The two longer thematic essays are meant to help tell the story of American art in 19th century New York City. Claudine Chartouni wrote her essay on the Rise of American Artists contributing to the American Art Scene. The following section contains a detailed description of Claudine’s vision for this additional section:
“I was interested in taking a deeper dive into the significance of Whistler within the American context and abroad. In my essay I argue that the rise of American artists to a position of prominence abroad began the process of legitimizing the NYC art scene. Taking Whistler as a case study, this thematic essay walks through how Whistler’s use of the press and eccentric personality turned him into a celebrity artist, raising the value of his work in Europe. As American collectors kept their ears close to the ground in Europe, they knew about the American artist’s success abroad and thus his shows in the states would be special affairs for collectors who did not have access to many of the top tier artists in the US. As he did the greatest number of shows in New York City, shows by the living American artists becoming increasingly famous laid the groundwork for the NYC art scene by legitimizing “American Artists,” bringing overall more prestige to the group. This essay will tie in Whistler’s relationship with Hermann Wunderlich, noting NYC’s location as a port city with a large population of skilled immigrants and wealthy collectors. This essay perhaps seems to suggest that Whistler was the reason why American art began to become notable and respectable, but its goal is merely to show how American art was picking up steam, fueling American galleries and moving the United States more into the mainstream and bringing prominence to artists coming from a part of the world with fewer of the prestigious academies essential to legitimizing art. The essay cites primary sources like letters between Whistler and colleagues, exhibition catalogues, and periodicals.

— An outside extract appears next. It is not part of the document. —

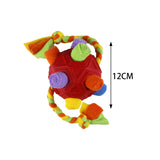 Maxbell Pet Snuffle Ball Toy IQ Training Treat Dispensing Interactive Dog Puzzle Toy red ball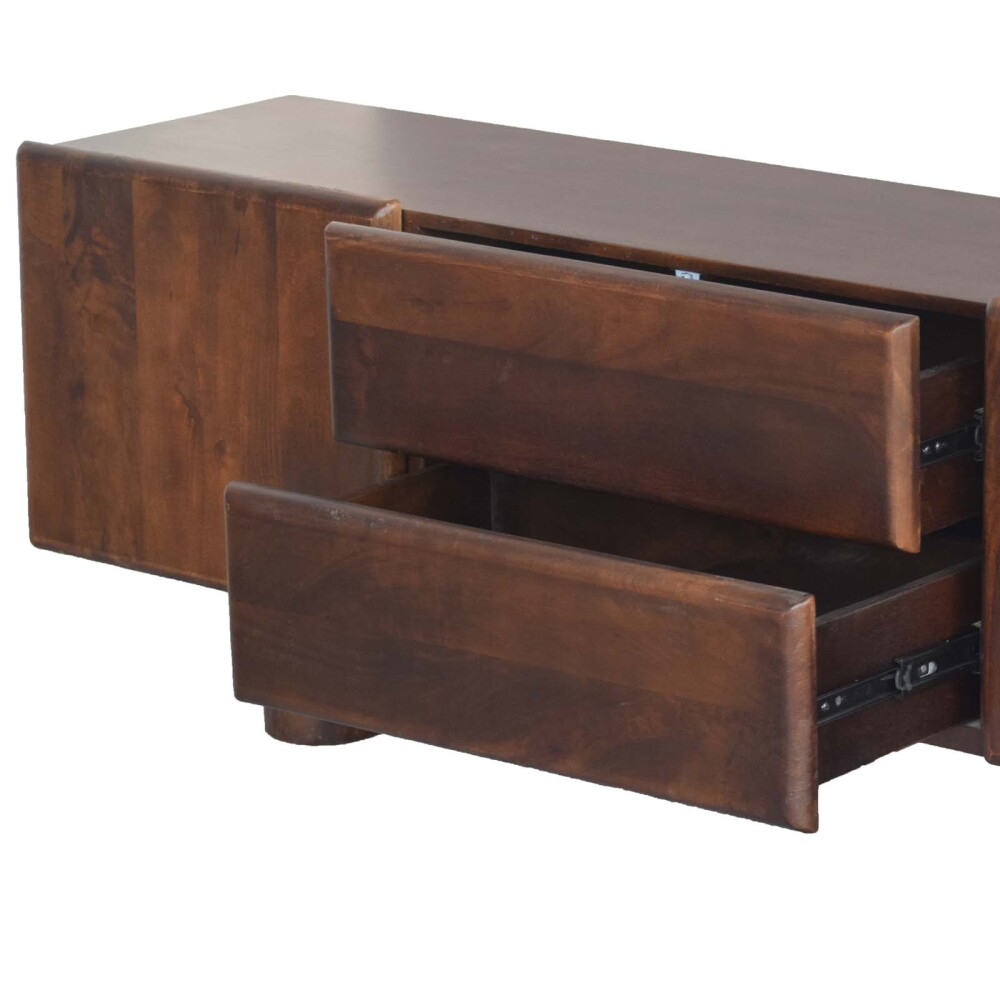 RACK PARA TV MADERA-DE-MANGO MARRON PARKER ALMENDRA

Secondary sources include a plethora of academic articles, the Whistler website, etc.”
Mackenzie Philbrick writes on the role of the National Academy of Design and the periodicals that reviewed and covered artistic events to study the ways in which the discourse of art criticism expanded alongside American Art to legitimize it in New York City throughout the 19thcentury. The investigation connects to the map—which will chart the movement of cultural institutions alongside galleries—and the project as a whole by aiding our understanding of the role of the National Academy in the art world. There is a narrative that galleries have followed these institutions, shifting from Broadway to East village later on in the century, and the map will seek to verify this. The essay uses this data as the starting point to reconcile the role of the National Academy of Design in crafting a distinctly American art, at a time when America is learning from Europe and its rich cultural and artistic legacy. The Academy not only exhibited American art in the 19thcentury—at the beginning of which dealers could not make enough money to run a successful business by specializing in its sale—but it as an institution also took on the broader task of educating the American public on art’s significance and value, especially in its preliminary years. Given the lack of artistic critics and discourse on American art at the beginning of the century and even later on, American artists have had to take on the task of defining what art should be. For example, Morse reviewed his own work under someone else’s name in attempts to legitimize it, and Whistler sought to educate his audience, which allowed him to defend his artistic choices that the press often critiqued. The National Academy was founded by artists like the American landscape painter Thomas Cole in 1826, and it served as a concrete way to legitimize the profession and identity of the American artist particularly.
Nineteenth century American art saw the rise and fall of the first cohesive aesthetic movement in America, the Hudson River School, which was often interpreted as provincial. The nationalist association with the Academy ultimately ended up limiting its legitimacy later on in the 1880s, a demise which paralleled that of the Hudson River School, as it came under siege by more progressive artists. Many critiqued the academy for becoming a mere salesroom with low entry requirements, and it was considered a daunting task as a spectator to attempt to pick out the handful of good paintings in the sea of subpar ones. This method of viewing stood in stark contrast to the galleries that curated material to specific audiences. Eventually, this ecosystem set up a dichotomy which put the gallery and academy in opposition, and in the 1880s as academy shows became less popular and outdated, new spaces to view art, like clubs and galleries became increasingly popular. These spaces were documented and advertised yearly by Charles Kurtz, a key player in the art scene at the time, at the end of each National Academy notes pamphlet as they grew yearly through the 1880s. This essay will demonstrate that despite the fact that the Academy played a pivotal role in the creation and legitimization of American art in New York, by the 1880s, the very discourse that it had created called it to evolve into a more progressive space, one that would allow America to keep up with the European avant-garde. The investigation will utilize primary sources from The New York Times, The New York Tribune, Appleton’s Journal, Art Union, The Crayon, and other periodicals, along with the National Academy archives. Secondary sources will help paint a picture of the aesthetic movements of the time and the Academy’s relationship to them.